Blaise Pascal is a personal hero of mine. Part one, like me he was a man of mystical orientation. Part two, he was a polymath, someone who dipped his hands into many pies. Part three, he is in fact one of the greatest mathematicians who ever lived.

Pascal was perhaps 18 when he had a massive and over-whelming experience of mystical reality. He referred to the incident in his journals as, "the night of fire." He also had a special coat tailored and he embossed in expensive thread on the inside, "the night of fire." He is a man I admire. He was a believer, but very unusual as a believer, and yet - I think that I am a man of a night of fire just as he was, and I don't apologize for it very much.

What people think life is, either pure science or pure religion, is exactly what it isn't. To me, all of this hypermath is less important than what is mysterious about life. We don't study what is mysterious about life either because it doesn't even exist, or because religion forbids such study. Mr. Pascal had the same complaints, and felt the same way about all of his work in, "hard science." As amazing as it all may be, it was that night of fire - that was life - that was reality.

Now here is an interesting little puzzle for those without a night of fire. It is a geometry proof dealing with midpoints. Get this, and again - I have no idea what the world knows and what it doesn't. I have no one to discuss these things with, and I don't know who you are. Yet this is interesting. I wish I had some way of making a diagram, but here goes.

1. Assume a line segment that ends in points A and B.
2. Assume a midpoint on line segment AB, which is point C.
3. If AC + x = BC + x, then C is always a midpoint of line segment AB.

Now get this one. Just hang in there.

Assume x to be the length of AC and y to be the length of BC and c to be your additive constant, where AB is a line segment with a midpoint at C.

Eqn: [(x + y) - c]^3 - [(x + y) - c] = x + c, and [(x + y) - c]^3 - [(x + y) - c] = y +c, in a case so defined.

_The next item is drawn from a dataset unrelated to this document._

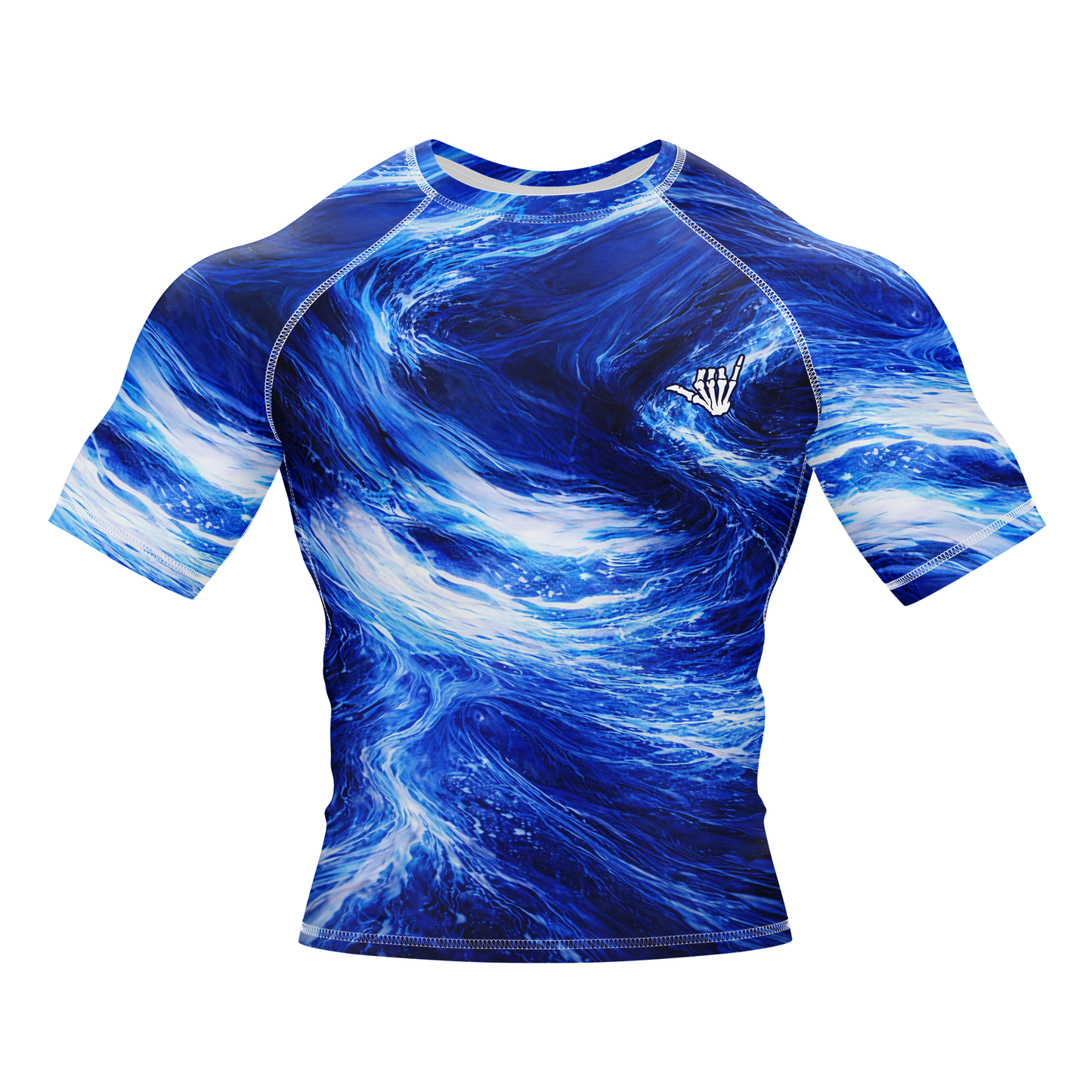 Flow BJJ Rash Guard - Short Sleeve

So what I'm saying is that in a case where we have a midpoint, and where we add equal sums to either side of the line segments from the midpoint, then we can extrapolate a total equality in such a case to infinitely vast geometries. There is a a way to simpify this problem further, but I haven't probed at this one a great deal. But there you have it.

Understand, I do not hate the world. I do care about people a great deal. Further, a madman calls all others mad. Maybe. But you people seem so silly to me! You fly tons of steel through the air and build global networks with your hard sciences, but a "night of fire," is for a short-bus rider, and strange spiritual beliefs cause persecution from both the rational and the religious.

A guy with my talent has never met a real mathematician in person. I just, "fuhgeddaboutit." Anyway, I'm going to go off to read some novel or something or other to wind down for a piece, and then I will need some sleep.